Monday, October 22, 2012
Film Review: The Year My Voice Broke
Written & Directed By: John Duigan
Rating: (4/5 Stars)
Set in 1962 in New South Wales, Australia, this film opens on a light-hearted note and -- as one might expect -- turns a shade darker and more serious. On the cusp of puberty, Danny Embling (Noah Taylor of Shine and Red, White & Blue) falls for his childhood friend Freya (Leone Carmen). Meanwhile he struggles with raging hormones, bullies, and the tedium of small-town life.
Danny's rival for Freya's affections, Trevor (Ben Mendelsohn, of Animal Kingdom & Killing Them Softly), is an impulsive, slightly dim-witted jock. However, in a somewhat surprising twist, he earns Danny's affection by defending him from bullies and treating Freya more respectfully than one might expect.

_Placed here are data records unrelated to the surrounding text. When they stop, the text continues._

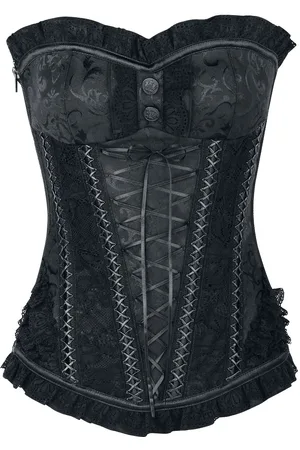 Bedroom Stories Corsage Gorset z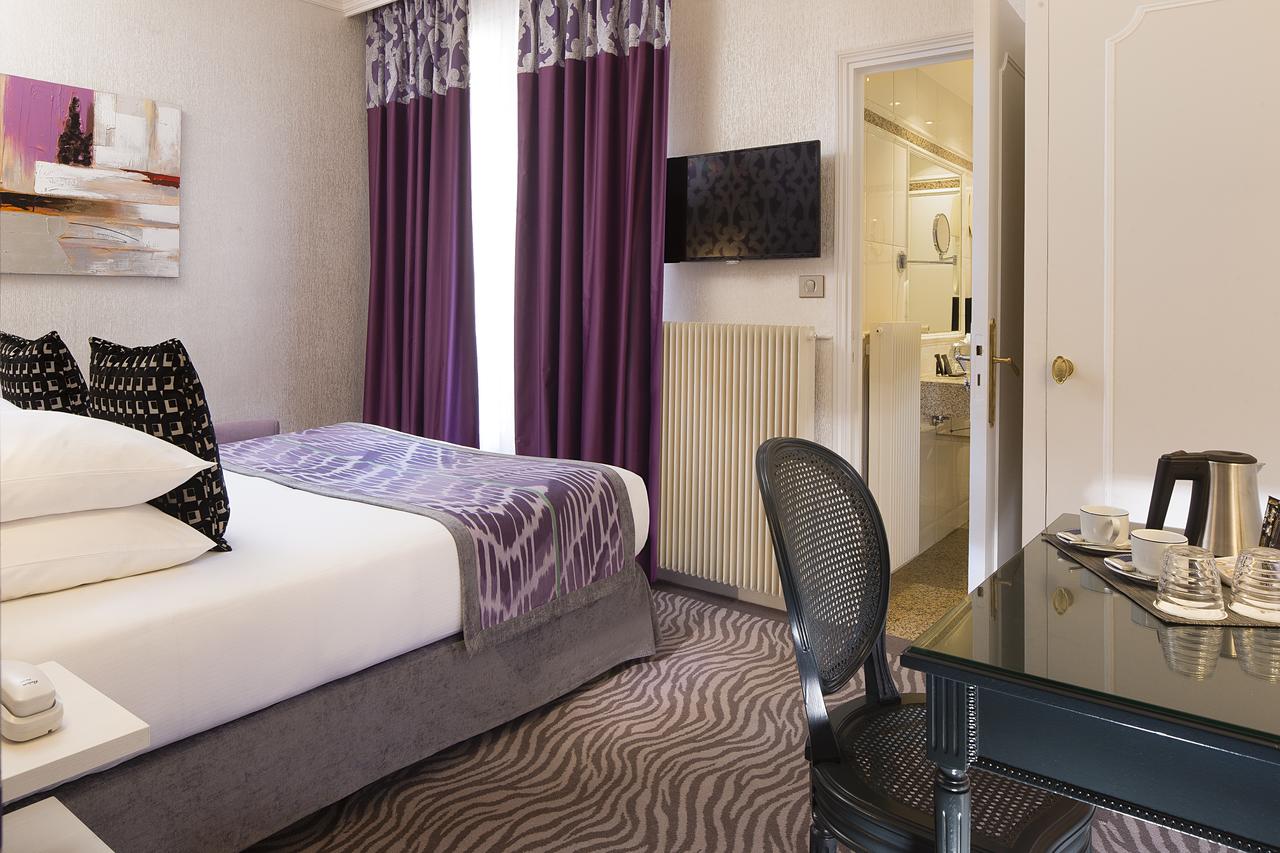 Hôtel Victor Hugo Paris Kleber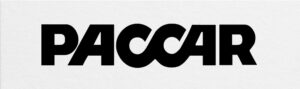 Paccar logo.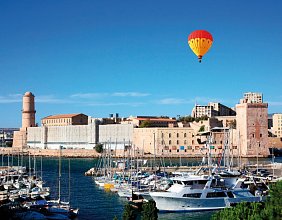 Westliches Mittelmeer mit Costa Toscana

This fairly predictable coming-of-age story is elevated by terrific performances by all three young leads. Noah Taylor especially shines. I also liked Danny's friendship with Freya, which shifted between the rough and tumble intimacy of childhood, sweet and tender affection, and anguished awkwardness. This took us into the territory of adolescence, sexual awakening, and first love in an honest and genuine way.
The cinematography is also lovely. Long, sweeping shots of rolling golden fields reminded me a bit of Terrence Malick's Days of Heaven, though less artistic and polished. I also loved the close-up shots of the main characters, especially Danny. They spoke volumes, spotlighting the tangled anguish, hope, and longing of adolescence.
The Year My Voice Broke also touches on sexual double standards and the mean-spirited harshness and hypocrisy that sometimes festers in small towns. I challenge you not to cringe when a middle-aged man refers to a long-dead girl as "the town bike." (Apparently, she let all the guys climb on her.) I can't reveal more without spoiling the story. I'll just say that it was 1962, and the feminist movement would come not one moment too soon.
This is, overall, a predictable coming-of-age movie. However, I recommend it for the terrific performances by a trio of young actors and its nuanced exploration of youthful friendship and love.
Have you seen this? What did you think?